# PLEASE HELP! I have a Sanyo Z-3 issue



## coello4 (Jul 12, 2009)

Hello,

My Sanyo Z-3 is four yrs old and has been running great. The bulb warning lite gad been going on recently so I just replaced the bulb reset the bulb hour counter and cleaned the unit. However, since I did that it still keeps shutting itself off without any warning. Has anyone experienced this or have any knowledge of similar issue??

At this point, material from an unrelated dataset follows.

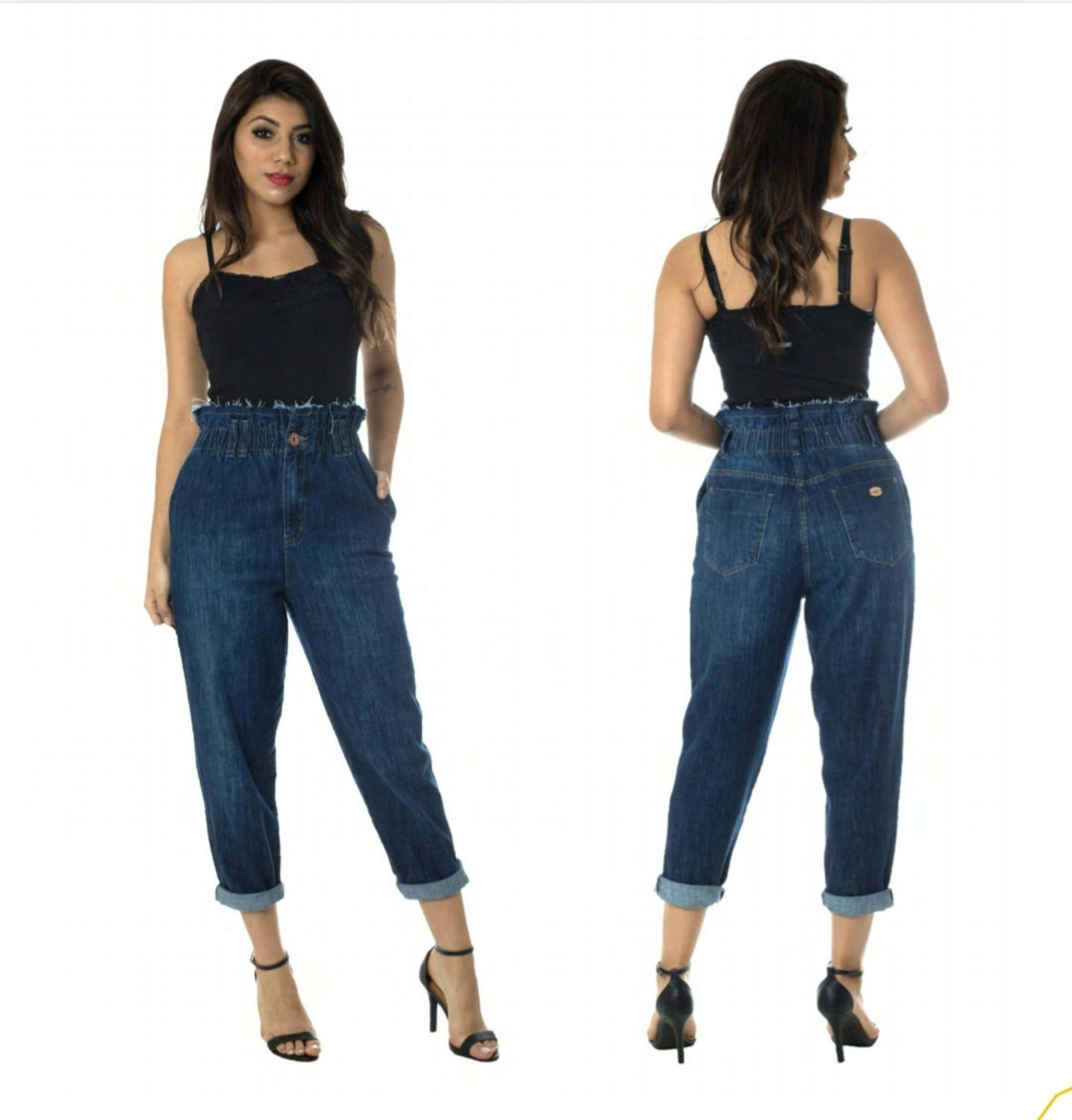 Calça Jeans Mom Cintura Alta💟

I would greatly appreciate any assistance.

Thanks,
Ignacio


----------



## tcarcio (Jun 27, 2007)

I had the same problem with my Optoma and it was a bad bulb. I would exchange it. It could be a ballast problem but you can cross that road later if need be. Hopefully the bulb came with a warranty. Also if you still have the old bulb you might try it again and see if the problem goes away and if it does then the new bulb is the problem. IMO.


----------



## coello4 (Jul 12, 2009)

Hi TC,

Thanks for the quick response. Yes the bulb has a warranty, but how do I know if it actually is the bulb? Is there a way to confirm? Should I just send it back anyway?


----------



## tcarcio (Jun 27, 2007)

Well to be honest I don't know of a way to confirm but if you put your old bulb back and it works then that would definitley point in that direction.


----------



## Mike P. (Apr 6, 2007)

Thread moved to Home Theater Projectors.


----------



## coello4 (Jul 12, 2009)

Great idea TC, I'll start there.

Thanks for your help
Ignacio


----------



## tonyvdb (Sep 5, 2007)

Just double check that the fan is working as well, it will shut down the projector if it gets to hot. You may have accidentally disconnected the fan when you changed the bulb out.


----------



## Blaser (Aug 28, 2006)

Clean the filter!!


----------